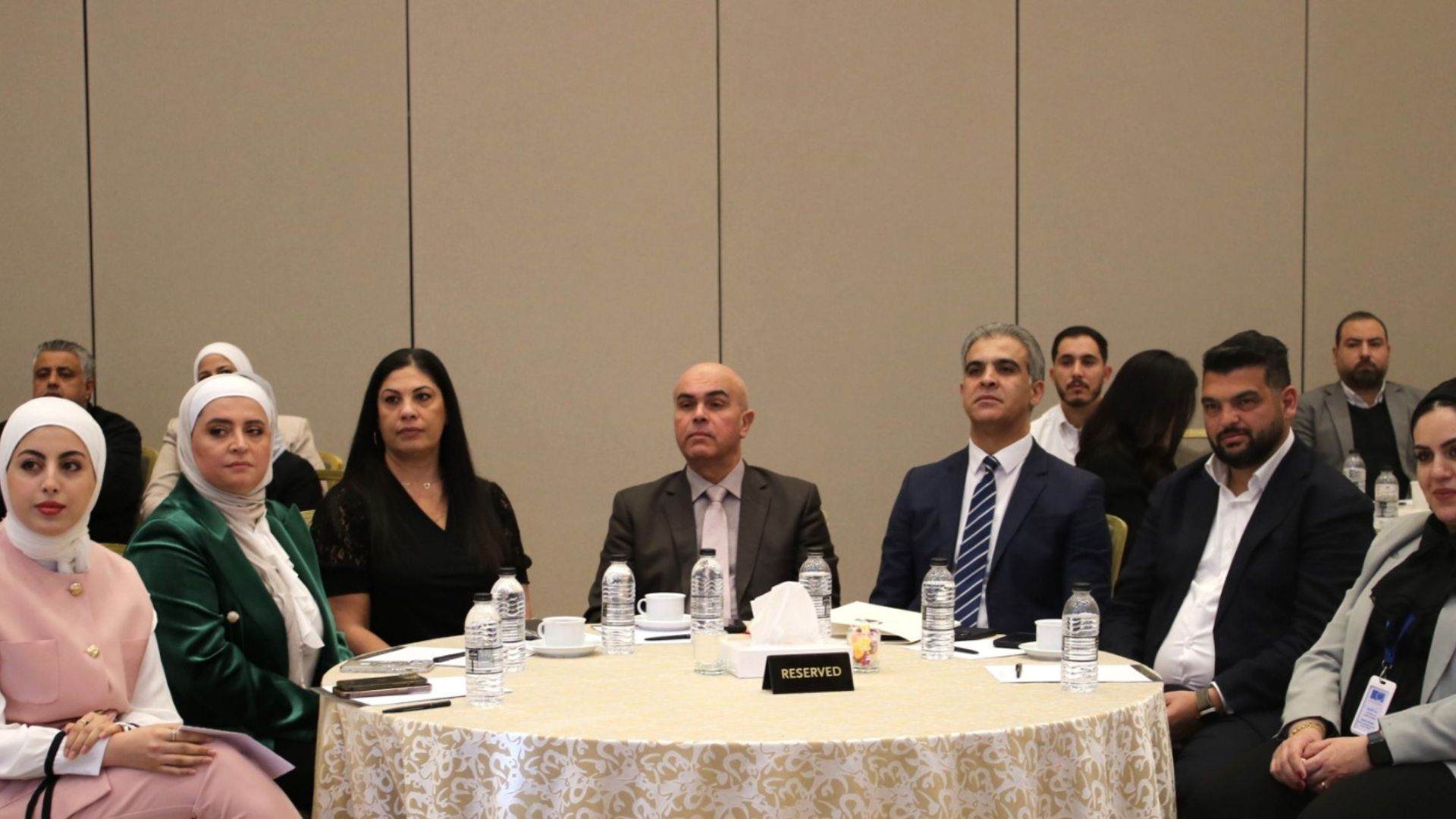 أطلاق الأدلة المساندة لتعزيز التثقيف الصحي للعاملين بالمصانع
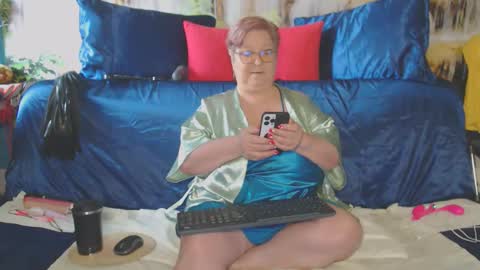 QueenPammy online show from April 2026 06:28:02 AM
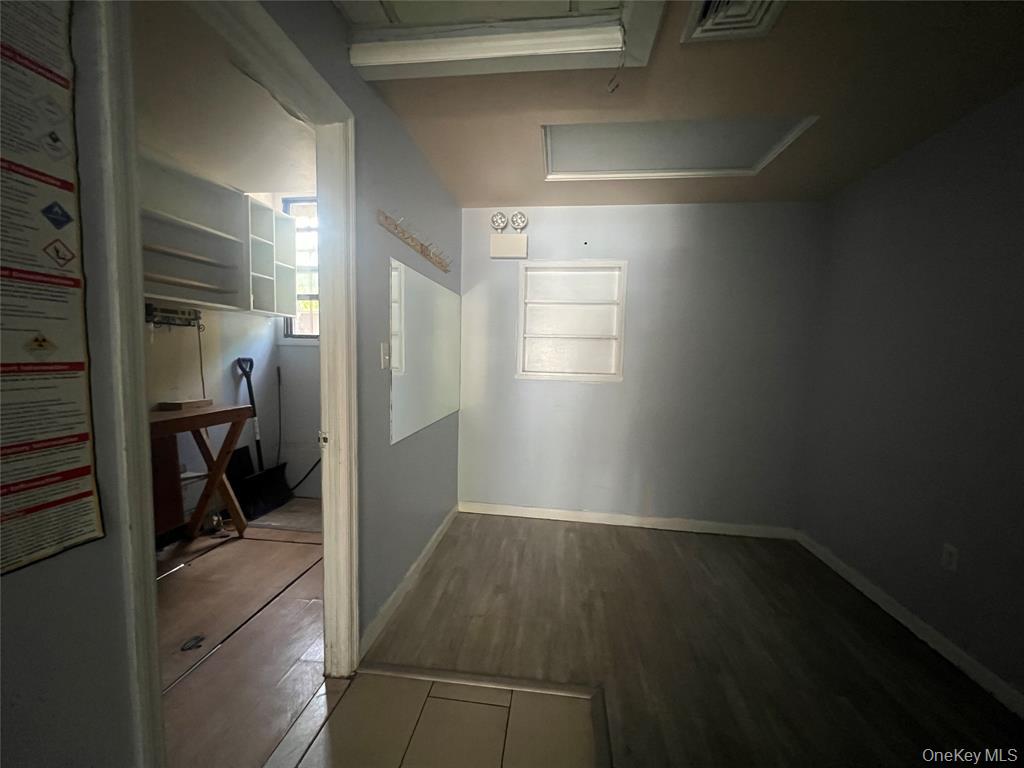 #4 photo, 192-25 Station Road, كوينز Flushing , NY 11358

■ ■ ■ ■ ■ ■ ■

* [EXERCISE] No picture belongs in the copy; return the rest of the listing exactly.

* [REPLY]
 أطلاق الأدلة المساندة لتعزيز التثقيف الصحي للعاملين بالمصانع
 QueenPammy online show from April 2026 06:28:02 AM
 #4 photo, 192-25 Station Road, كوينز Flushing , NY 11358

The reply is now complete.